L
e monde de Troy se peuple volontiers de bêtes étranges en tous genres. Dans ces contrées, la ville de Triban, située sur des marécages, dominant les mers, aurait pu craindre une menace venue des flots plutôt que des airs. Tout au contraire, les dégâts sont provoqués par des créatures volantes : les gargouilles. La nuit venue, ces êtres de pierre prennent vie et détruisent les murs qui les supportent, principalement ceux des palais. Les soldats ont beau réduire en miettes ces démolisseurs nocturnes, ces derniers renaissent inlassablement au crépuscule. Peu à peu, ils en viennent à endommager même les simples structures et à attaquer la population. La situation préoccupe l'Edyle, sorte de maire de la ville de Triban. Il fait appel à un célèbre magicien pour combattre le sort, mais la solution viendra peut-être d'un barbare, un colosse fraîchement débarqué en ville pour chercher du travail auprès des milices des grandes familles. À moins que ses talents de musicien ne supplantent son âpreté au combat et n'envoûtent à la fois les pistes de danse et Cizille, la fille de l'Edyle.
Imaginées par le père d'une certaine Heroic Fantasy à la française, Christophe Arleston, auteur de toutes les séries de Troy, ces nouvelles terres enchantées sont conçues avec la même recette que les précédentes : un monde menacé par la magie, une jolie fille peu vêtue et hautaine, un barbare pas très évolué mais bon combattant, le tout bercé par la musique, sûrement du Rock'n'Troll. Les animaux imaginaires ne sont pas légion à Triban, contrairement au reste du monde de Troy, à l'exception donc des Gargouilles. Arleston change de registre au niveau des influences vestimentaires et esthétiques. Le Moyen Âge revisité de la plupart des scénarii de Fantasy laisse place à un certain dandysme, à une élégance plutôt XVIIIe siècle. Les perruques fardées ne sont pas si loin. La ville de Triban elle-même évoque cette époque historique, avec sa construction sur les flots, rappelant Venise. L’histoire en elle-même est plaisante, menée tambour battant, mais l'originalité n'est pas encore très vive. La maîtrise du scénario d'Arleston se fait sentir à chaque planche, avec, pour chaque épisode, un en-tête avec une grande case décorative et une conclusion identique. Cette orchestration au métronome rythme l'album de manière assez conventionnelle quoique très efficace. Tout le métier du narrateur est en marche.

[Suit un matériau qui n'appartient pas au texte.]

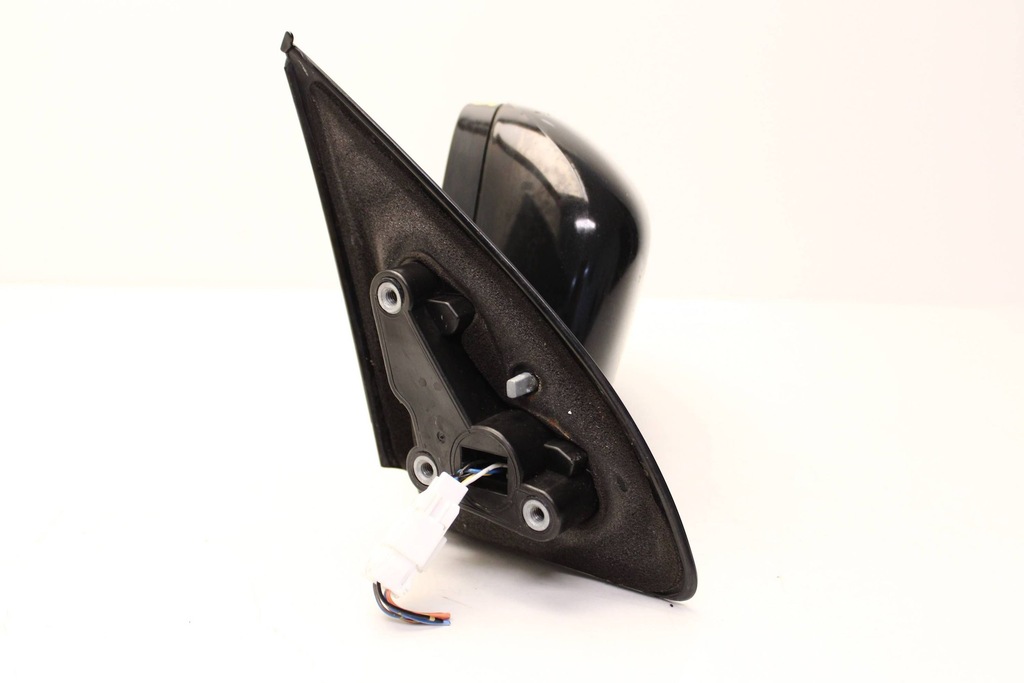 фото №6, Mitsubishi outlander i 03r- зеркало левая 5 pinów t12a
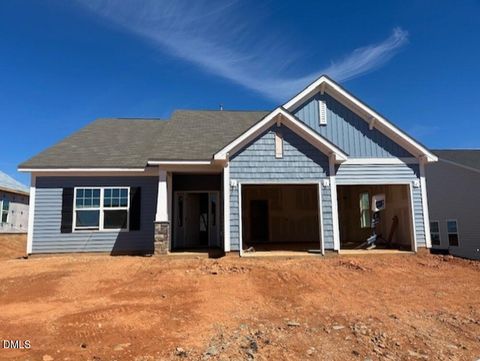 Photo of 68 Moon Flower Walk, Youngsville, NC 27596 (MLS # 10146783)
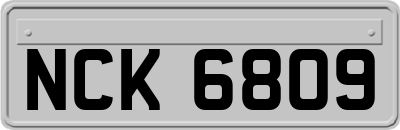 NCK6809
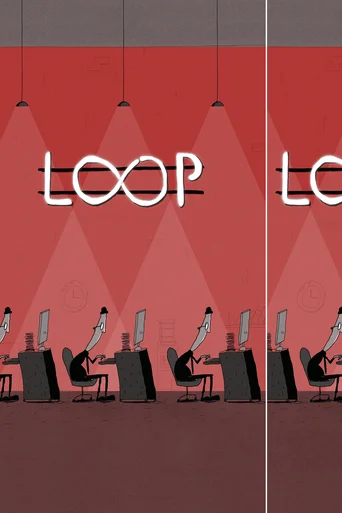 Assistir Loop Online
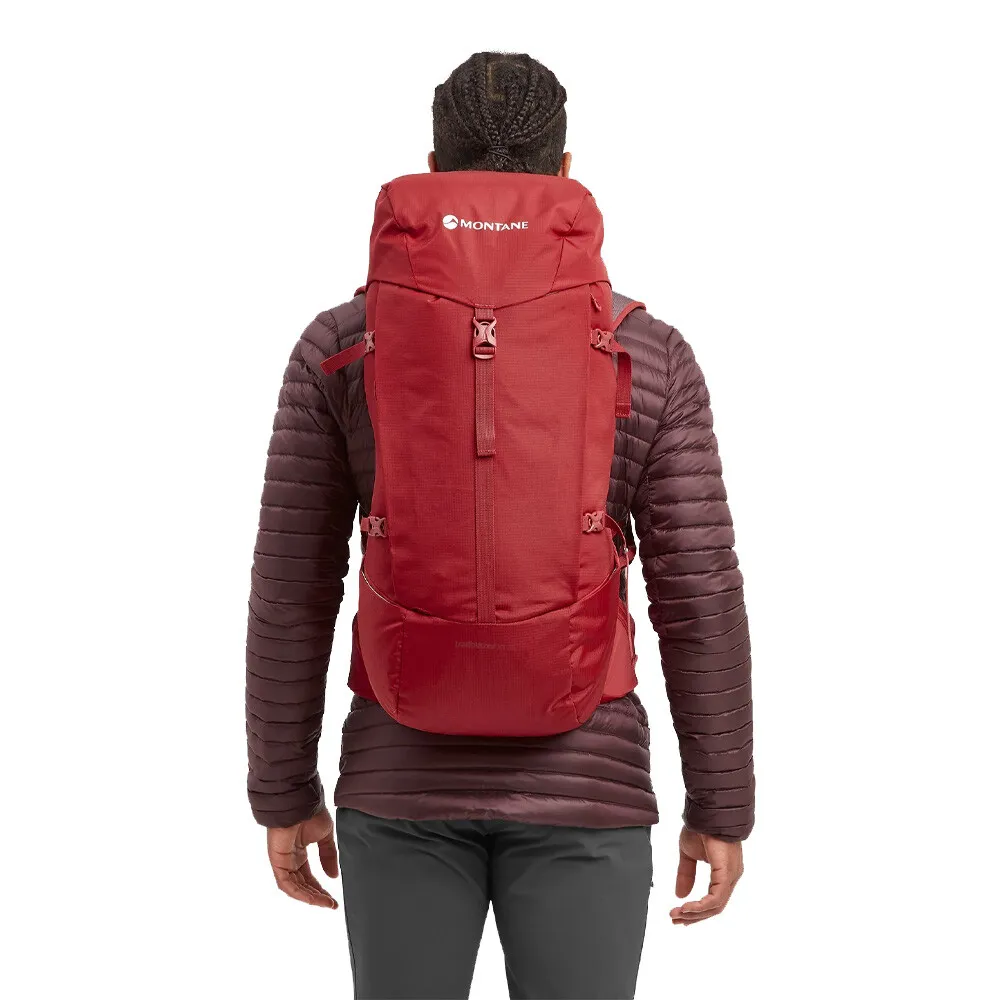 Montane Trailblazer XT 35L Backpack - AW24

Les influences données par le scénariste conviennent parfaitement au graphisme de Didier Cassegrain, aux lignes très élancées, au style semi-réaliste, tantôt dur, tantôt souple et élégant. Les personnages frisent parfois la caricature pour mieux exprimer leur rang social ou leur fonction. Le dessin est riche et séduisant, doté d'une mise en couleurs soignée, prenant en compte les jeux de lumière extérieur/ intérieur, ce qui n'est pas si fréquent. Il est regrettable toutefois de noter une faiblesse au niveau de la fluidité des scènes de combats où l’enchaînement des cases n'est pas parfait, surtout du point de vue du placement des personnages. La carrure des protagonistes manque de relief, ils semblent collés sur le décor. Les gargouilles elles-mêmes ne relèvent pas d'une grande créativité ni d'un réel esthétisme. Tout cela atténue la qualité d'un album, mais les adolescents, cœur de cible de ce nouveau Monde de Troy, sauront peut-être ne pas en tenir rigueur au dessinateur.
L'Heure de la gargouille est un album sympathique, vivant, entraînant, mais peu surprenant.
je viens de lire ce dernier album et je suis un peu déçu car le scénario d'Arleston n'est qu'une transposition du joueur de flûte d'Hamelin dans l'univers de Troye. Pas très original tout ça ! Heureusement le dessin de Didier Cassegrain est toujours aussi sublime et permet de passer un bon moment.